I don’t fly to Hawaii as often as I used to, but during every Honolulu visit, I've made it a point to climb Diamond Head so I could peer into the distance and imagine the Japanese bombs pounding our ships and airfield. Those who were stationed on Diamond Head helplessly watched, its guns meant to ward off a sea invasion, not an air attack. But had it been better equipped, Diamond Head was still too far away from the attacking planes to have had any effect. The guilt those observing the fight from Diamond Head must have been horrendous. They probably re-lived that nightmare countless times during their lifetime.

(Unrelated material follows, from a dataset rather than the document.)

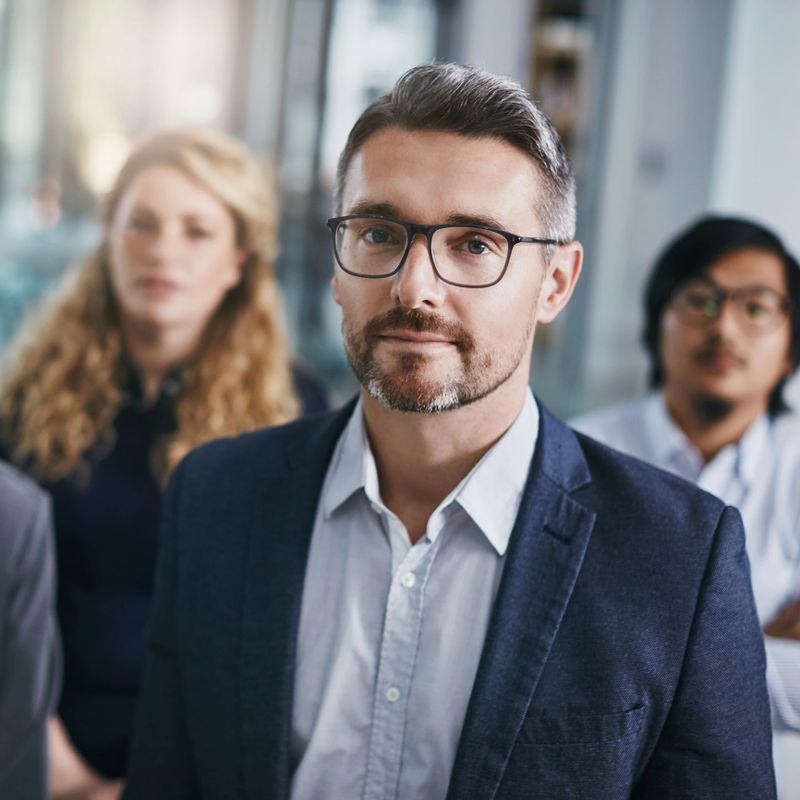 Portrait of a mature businessman standing in an office with his colleagues in the background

Oahu's Diamond Head may have had mystical qualities to the locals, but its strategic significance had the United States military transforming the crater into a military installation in 1905. At the time, the United States was occupying foreign lands with gunboat diplomacy. Military installations were set up in the Philippines, Guam and Hawaii to defend the nation during the Spanish American War. Inside Diamond Head, trails were carved, tunnels dug, mortars and cannons capable of launching fifteen-inch diameter projectiles were placed. Well before World War I, Oahu stood ready to defend itself, but no amount of guns could stop its post-war economic development. In recent years, pineapple and sugar cane fields have succumbed to condos and resorts, cars pack its roads, buildings steadily rise, and yet this steady influx of tourists is what fuels Hawaii’s economy. Thankfully, even on Oahu it is easy to escape the bustle of the city by driving a few miles. Of all the places I've visited around the world, I still consider Hawaii paradise.
While many criticize Hawaii’s development claiming the Untied States raped the island, it is worth noting that had the United States not militarized these islands, history may have been re-written. Had the Japanese pursued their December 7th attack as an invasion rather than continuing their course for Australia, and had our carriers not set out to sea before the attack, the outcome of the War in the Pacific could have been different.

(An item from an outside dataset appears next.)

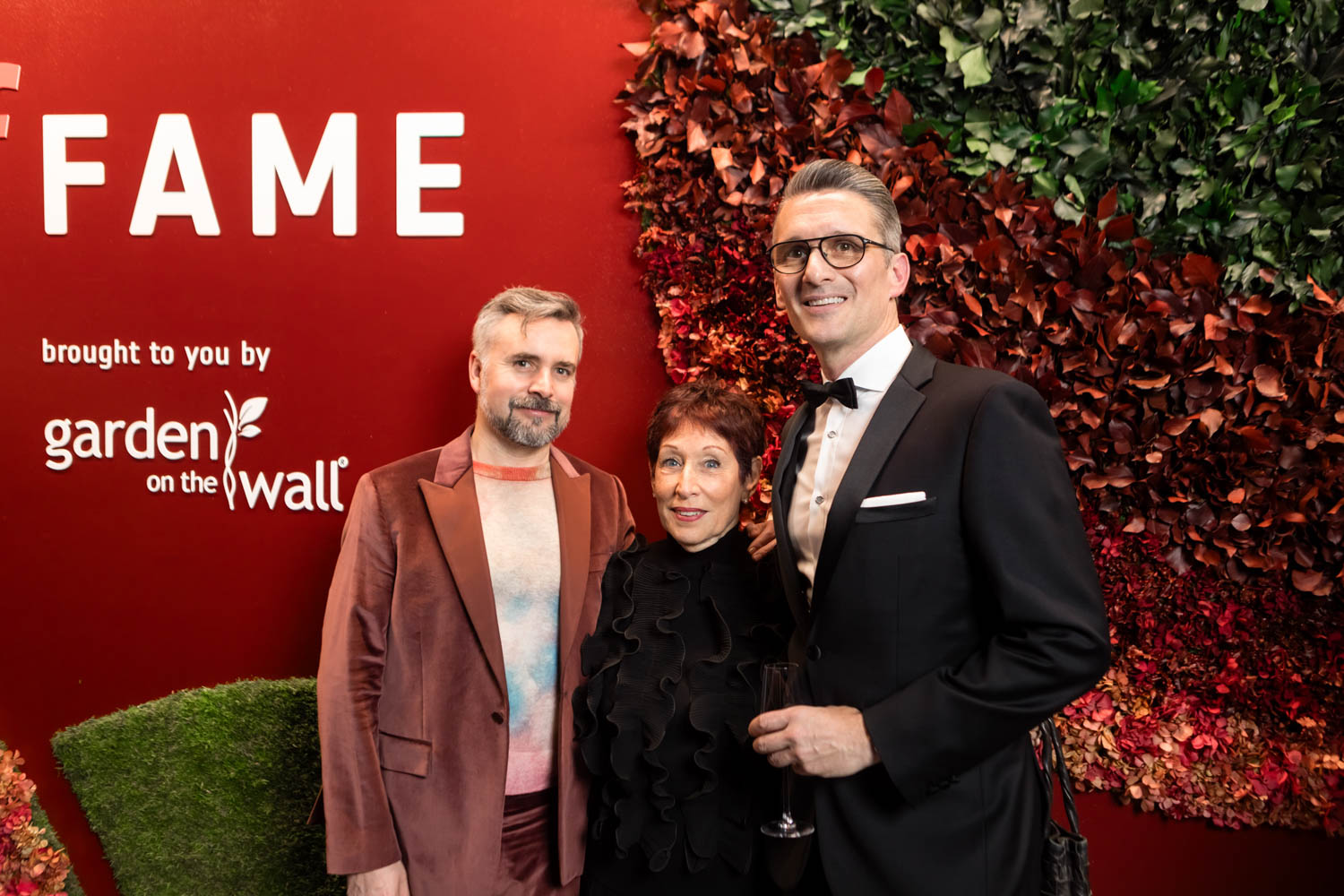 Hall of Fame attendees in front of the Garden on the Wall installation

For those visiting Oahu, I strongly recommend visiting the battleships Arizona and Missouri, then Punch Bowl Cemetery to study the Pacific battles depicted on its grand memorial walls. Spend time reflecting on the endless rows of white crosses to remember our soldiers' ultimate sacrifice. Finally, climb Diamond Head to observe Pearl Harbor in the distance so you can imagine what happened that fateful December seventh day in1941. (You can now avoid the steep stairs by using the south wall bypass.)
To all who have served and defended this country, particularly WWII veterans, I salute you. In your honor, I shall climb Diamond Head on every visit so long as I’m able.